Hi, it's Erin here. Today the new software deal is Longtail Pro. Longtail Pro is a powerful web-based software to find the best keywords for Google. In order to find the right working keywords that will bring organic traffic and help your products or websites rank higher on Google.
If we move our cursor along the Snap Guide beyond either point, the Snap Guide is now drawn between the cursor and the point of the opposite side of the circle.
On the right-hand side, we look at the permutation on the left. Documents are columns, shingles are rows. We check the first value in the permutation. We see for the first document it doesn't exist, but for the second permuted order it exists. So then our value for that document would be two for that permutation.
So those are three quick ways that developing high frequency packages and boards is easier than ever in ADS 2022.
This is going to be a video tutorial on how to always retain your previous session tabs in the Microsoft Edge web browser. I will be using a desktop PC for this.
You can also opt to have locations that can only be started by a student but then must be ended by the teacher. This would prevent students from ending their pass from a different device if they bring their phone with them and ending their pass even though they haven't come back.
☆ ☆ ☆ ☆ ☆
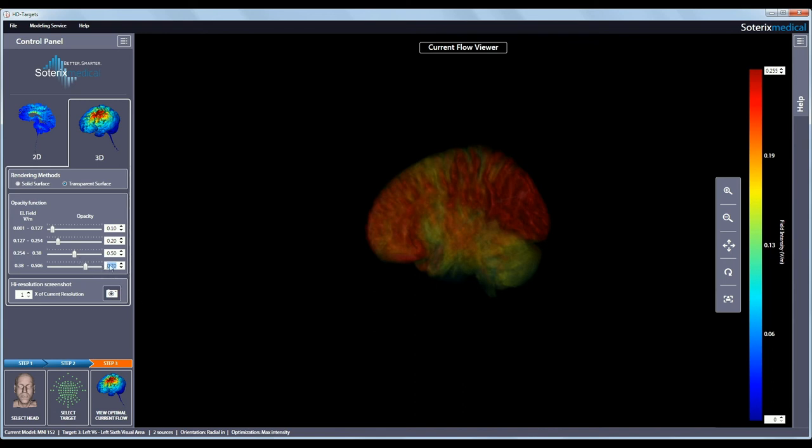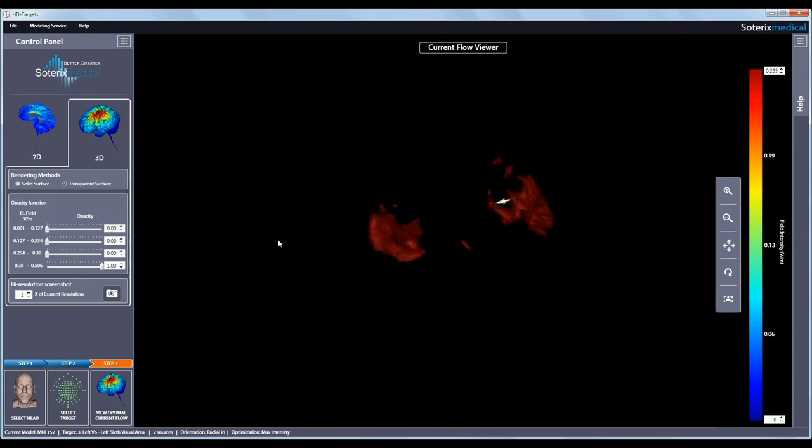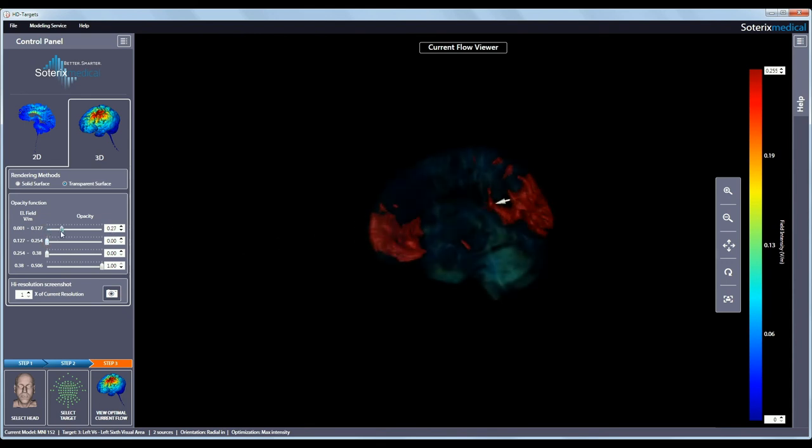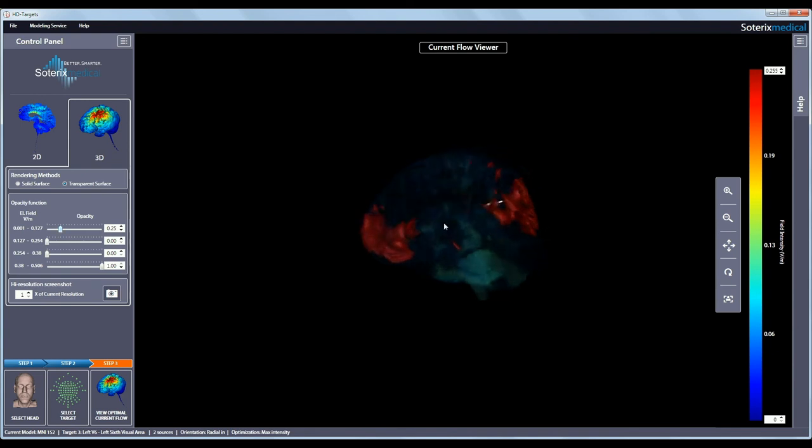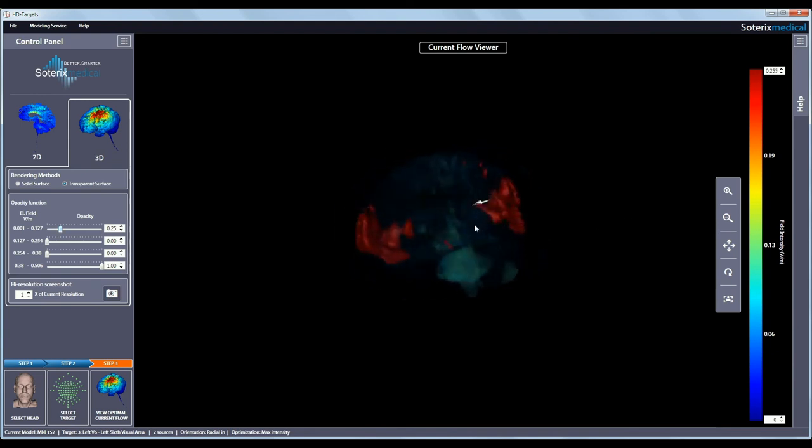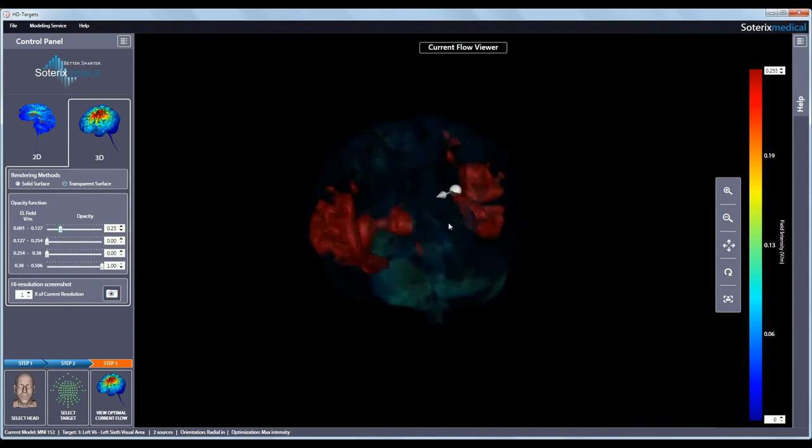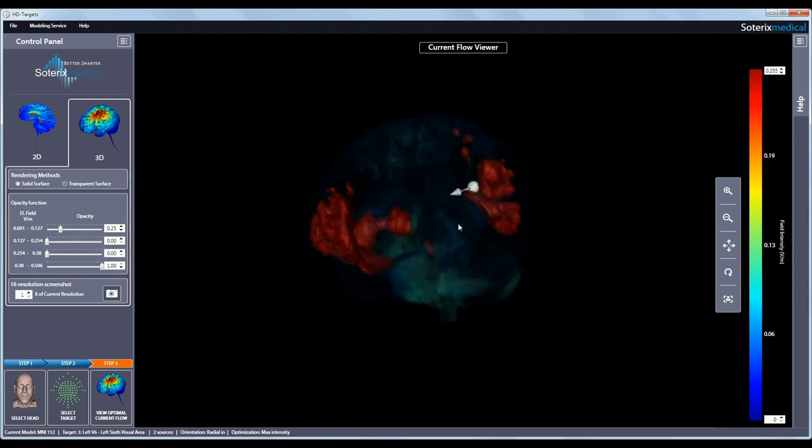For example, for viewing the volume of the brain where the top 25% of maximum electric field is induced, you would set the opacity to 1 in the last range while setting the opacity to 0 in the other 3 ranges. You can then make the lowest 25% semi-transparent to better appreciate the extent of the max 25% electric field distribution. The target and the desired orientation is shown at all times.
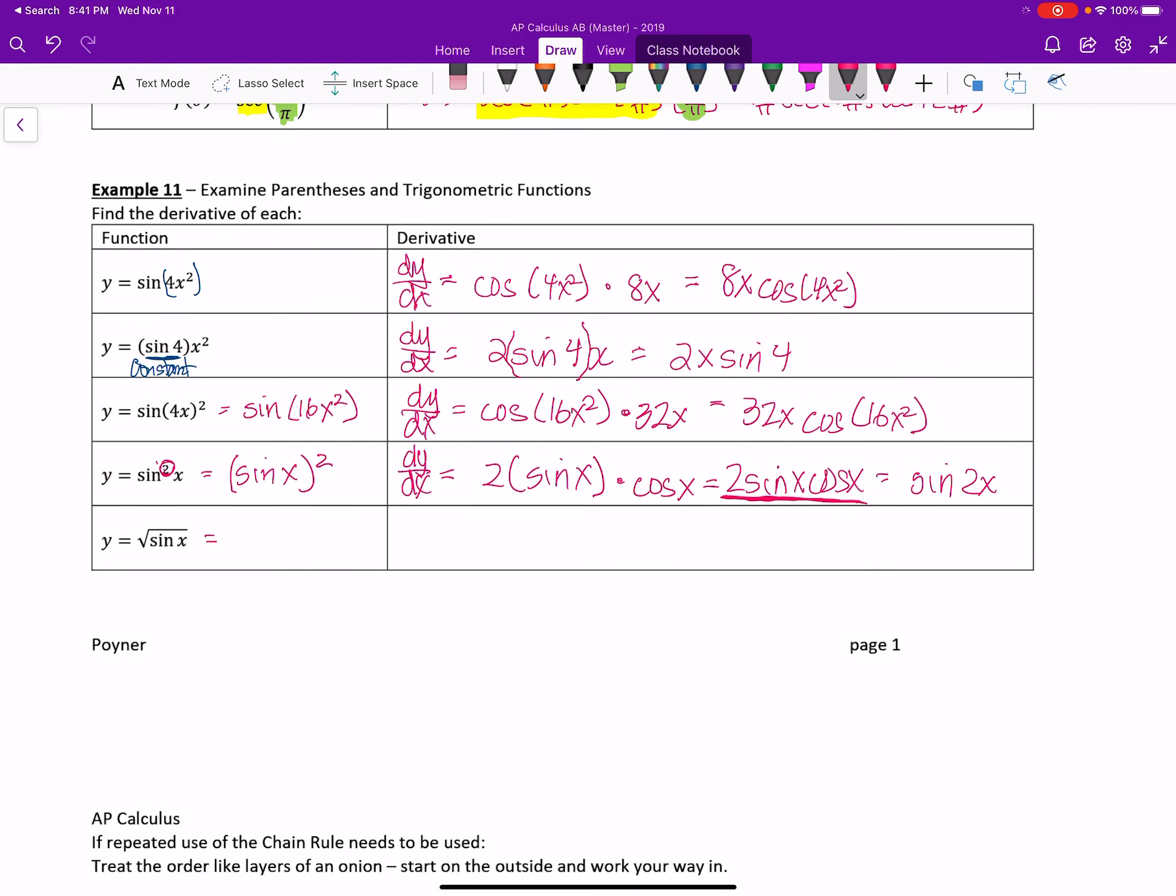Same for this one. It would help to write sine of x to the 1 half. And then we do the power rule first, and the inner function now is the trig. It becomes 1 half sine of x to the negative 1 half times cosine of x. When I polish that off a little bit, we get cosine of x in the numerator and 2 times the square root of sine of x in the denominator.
☆ ☆ ☆ ☆ ☆
Everything in the material above from the line that has "Hi, it's Erin" through the line that has "You can also" must be duplicated exactly, with no other lines given.

- **WRITTEN RESPONSE**:
Hi, it's Erin here. Today the new software deal is Longtail Pro. Longtail Pro is a powerful web-based software to find the best keywords for Google. In order to find the right working keywords that will bring organic traffic and help your products or websites rank higher on Google.
If we move our cursor along the Snap Guide beyond either point, the Snap Guide is now drawn between the cursor and the point of the opposite side of the circle.
On the right-hand side, we look at the permutation on the left. Documents are columns, shingles are rows. We check the first value in the permutation. We see for the first document it doesn't exist, but for the second permuted order it exists. So then our value for that document would be two for that permutation.
So those are three quick ways that developing high frequency packages and boards is easier than ever in ADS 2022.
This is going to be a video tutorial on how to always retain your previous session tabs in the Microsoft Edge web browser. I will be using a desktop PC for this.
You can also opt to have locations that can only be started by a student but then must be ended by the teacher. This would prevent students from ending their pass from a different device if they bring their phone with them and ending their pass even though they haven't come back.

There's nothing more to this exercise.